The time costs involved can be a cause of concern, but these are reduced as the process becomes more efficient. In addition, individual performance meetings can be delegated – but they cannot be eliminated, as individuals perform best when they are taken care of.
Leaving room for autonomy
There are some fundamental principles to keep in mind for people leading performance meetings.
1. It’s not about you
Performance meetings aim to maximize productivity, so they must necessarily focus on the person or people across the table. Your job as the meeting’s leader is to determine what people need to achieve success. A practical suggestion here is to maintain an open mind and focus on a constructive outcome. Spend a few minutes preparing for each meeting and only bring facts to the table.
2. Close the loop
At the start of each meeting, look back at previous deliverables and evaluate whether the actions were executed and to what effect. A good tool to close the feedback loop is Deming’s cycle of Plan, Do, Study, Act.1
Figure 1: PDSA – cycle
3. Achievable next steps
End each meeting by formulating achievable actions for next time. These must typically lie within the individuals’ stretch and bring them closer to their goals. Avoid operational tasks or the meeting will degenerate into a reporting session. Seek to operate from the delta level instead and discuss what people would like to change, how they expect to create that change and what its effects would be.
Steer clear of a lengthy or recurring list of action points. Should you encounter these, respond by focusing on executing fewer items per person over each period.
4. Ask open questions
It might feel straightforward to ask open questions in performance meetings, but this can be challenging in practice as people often tend to leap at solutions without a sharply defined image of the problem they are trying to solve. A practical tip is to formulate questions in line with predetermined goals. A good baseline of questions, as shown below, allows you to easily elaborate and drill down with more open questions if needed.
Baseline Agenda Performance dialogue
- How did we progress towards our goals since our last meeting?
- What do you want to do over the next period to improve performance?
- What do we need to succeed going forward?
- From each other
- From people outside our group
- From me
Are performance meetings NXT?
Effective performance meetings in Agile organizations are important, but are they really NXT? Lean enthusiasts might even recognize these guidelines from a Toyota Kata technique dating back to 1975!
The truth is that the concept of a performance meeting isn’t NXT, but applying it correctly in an Agile organization is. You can’t expect autonomy and alignment on performance to happen overnight. You have to put in the work and create habits in order to consistently (re)align the end results with teams and the individuals within them while also leaving room to stimulate and grow self-organizing capabilities for performance improvement.

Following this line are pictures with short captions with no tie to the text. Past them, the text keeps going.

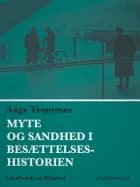 Myte og sandhed i besættelseshistorien af Aage Trommer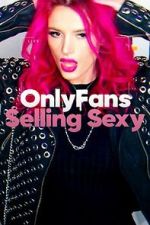 Watch OnlyFans: Selling Sexy Wolowtube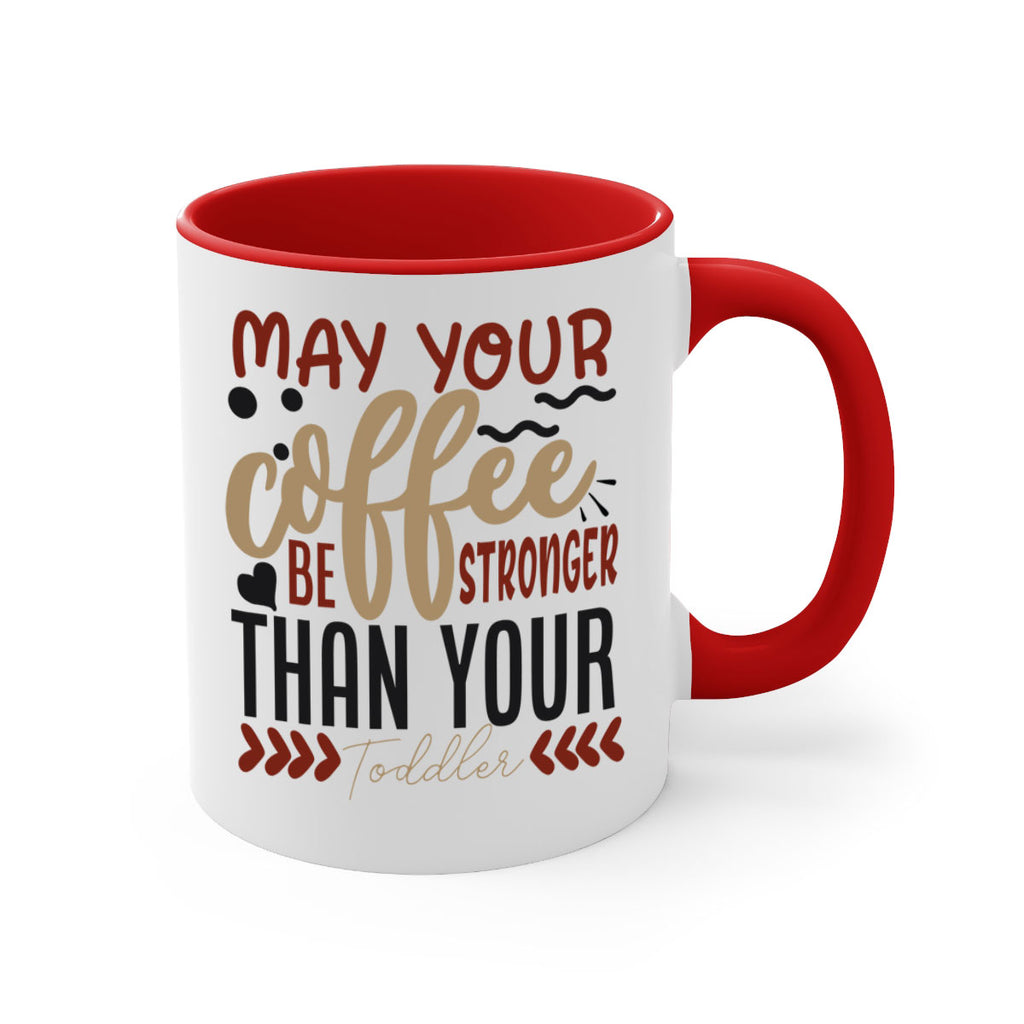 may your coffee be stronger than your toddler 204#- coffee-Mug / Coffee Cup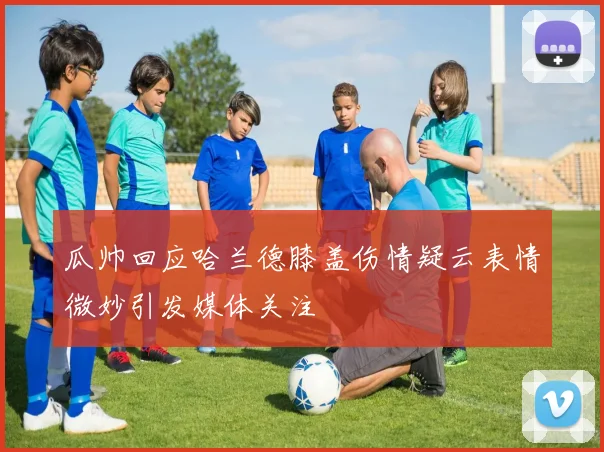 瓜帅回应哈兰德膝盖伤情疑云表情微妙引发媒体关注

Nobody likes meetings, but when performance meetings are done correctly, they reconnect the leadership with teams and individuals across the organization and offer the opportunity for realignment towards common goals and ambitions. That makes it all worthwhile.
Frequently asked questions
- Can performance meetings replace scrum retrospectives
- Where should I start?
Most teams are used to retrospectives, so it makes sense to begin with the team performance meeting, before adding in the role and value stream meetings. The value stream meeting in particular needs to be timed to aggregate team inputs.
- How can I improve performance meetings?
Add a flash evaluation before closing, such as asking a question:“How can we make our next meeting even better?”
- How do the performance meetings differ across the various levels?
Organizational/departmental and team meetings differ mainly on aggregation levels and attendees, while individual meetings differ on timing and resemble more of a coaching session.